Israeli Tax Considerations
The following is a discussion of the material Israeli tax consequences concerning the ownership and disposition of our ordinary shares. This summary does not discuss all the aspects of Israeli tax law that may be relevant to a particular investor in light of his or her personal investment circumstances or to some types of investors subject to special treatment under Israeli law. Examples of such investors include residents of Israel or traders in securities who are subject to special tax regimes not covered in this discussion. Because parts of this discussion are based on new tax legislation that has not yet been subject to judicial or administrative interpretation, we cannot assure you that the appropriate tax authorities or the courts will accept the views expressed in this discussion. The discussion below is subject to change, including due to amendments under Israeli law or changes to the applicable judicial or administrative interpretations of Israeli law, which change could affect the tax consequences described below.
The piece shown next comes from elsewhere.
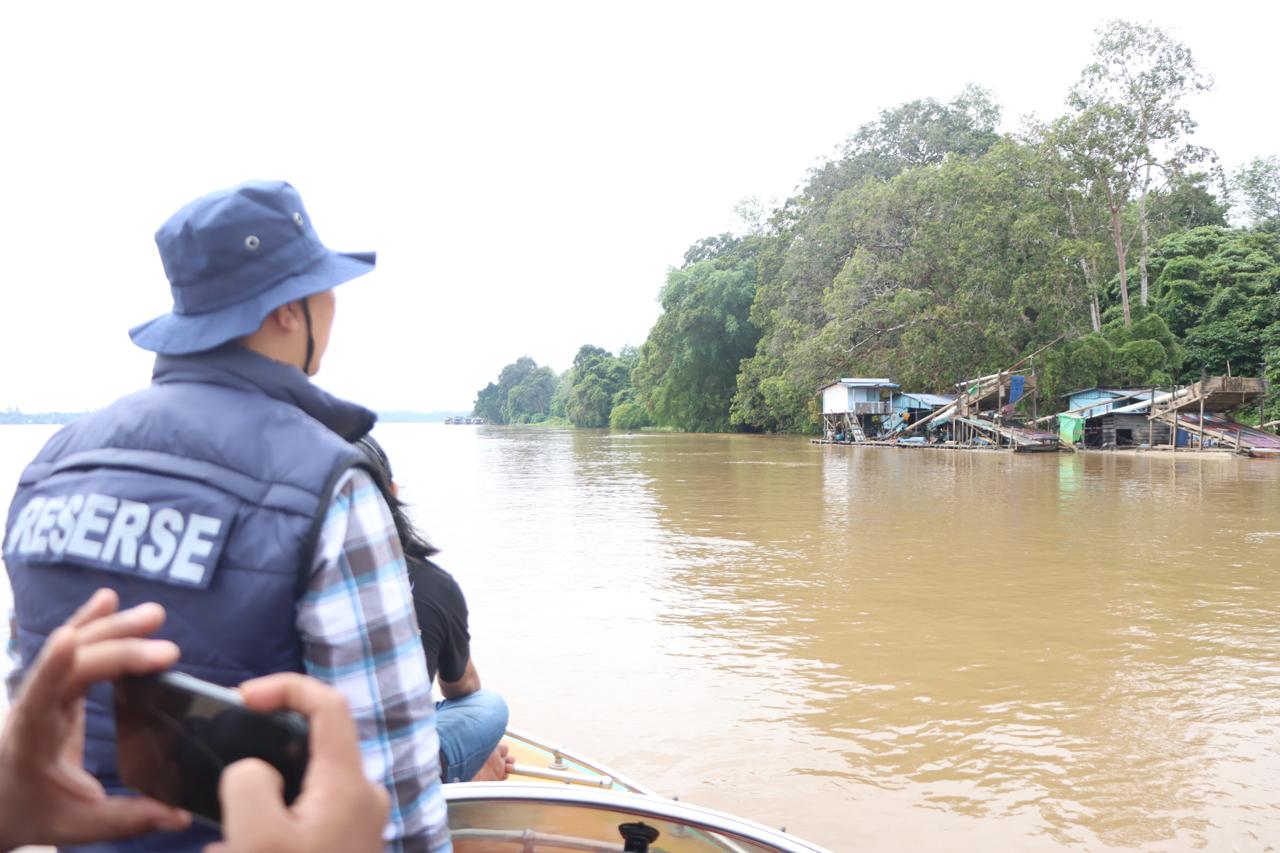 Kanit Tipiter Satreskrim Polres Sekadau, IPDA Rio Kalbarino memimpin patroli rutin mencegah PETIdi aliran Sungai Kapuas dan Sungai Sekadau, Sabtu (30/5/2026). Foto: Istimewa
Capital Gains Taxes Applicable to Non-Israeli Resident Shareholders
A non-Israeli resident who derives capital gains from the sale of shares in an Israeli resident company that were purchased after the company was listed for trading on a stock exchange outside of Israel will be exempt from Israeli tax so long as the shares were not held through a permanent establishment that the non-resident maintains in Israel. However, non-Israeli corporations will not be entitled to the foregoing exemption if Israeli residents: (i) have a controlling interest of more than 25% in such non-Israeli corporation or (ii) are the beneficiaries of, or are entitled to, 25% or more of the revenues or profits of such non-Israeli corporation, whether directly or indirectly. Such exemption is not applicable to a person whose gains from selling or otherwise disposing of the shares are deemed to be a business income.
Additionally, a sale of securities by a non-Israeli resident may be exempt from Israeli capital gains tax under the provisions of an applicable tax treaty. For example, under the United States-Israel Tax Treaty, the disposition of shares by a shareholder who (i) is a U.S. resident (for purposes of the treaty), (ii) holds the shares as a capital asset, and (iii) is entitled to claim the benefits afforded to such person by the treaty, is generally exempt from Israeli capital gains tax. Such exemption will not apply if: (i) the capital gain arising from the disposition can be attributed to a permanent establishment in Israel; (ii) the shareholder holds, directly or indirectly, shares representing 10% or more of the voting capital during any part of the 12-month period preceding the disposition, subject to certain conditions; or (iii) such U.S. resident is an individual and was present in Israel for 183 days or more during the relevant taxable year. In such case, the sale, exchange or disposition of our ordinary shares should be subject to Israeli tax, to the extent applicable; however, under the United States-Israel Tax Treaty, the taxpayer would be permitted to claim a credit for such taxes against the U.S. federal income tax imposed with respect to such sale, exchange or disposition, subject to the limitations under U.S. law applicable to foreign tax credits. The United States-Israel Tax Treaty does not relate to U.S. state or local taxes.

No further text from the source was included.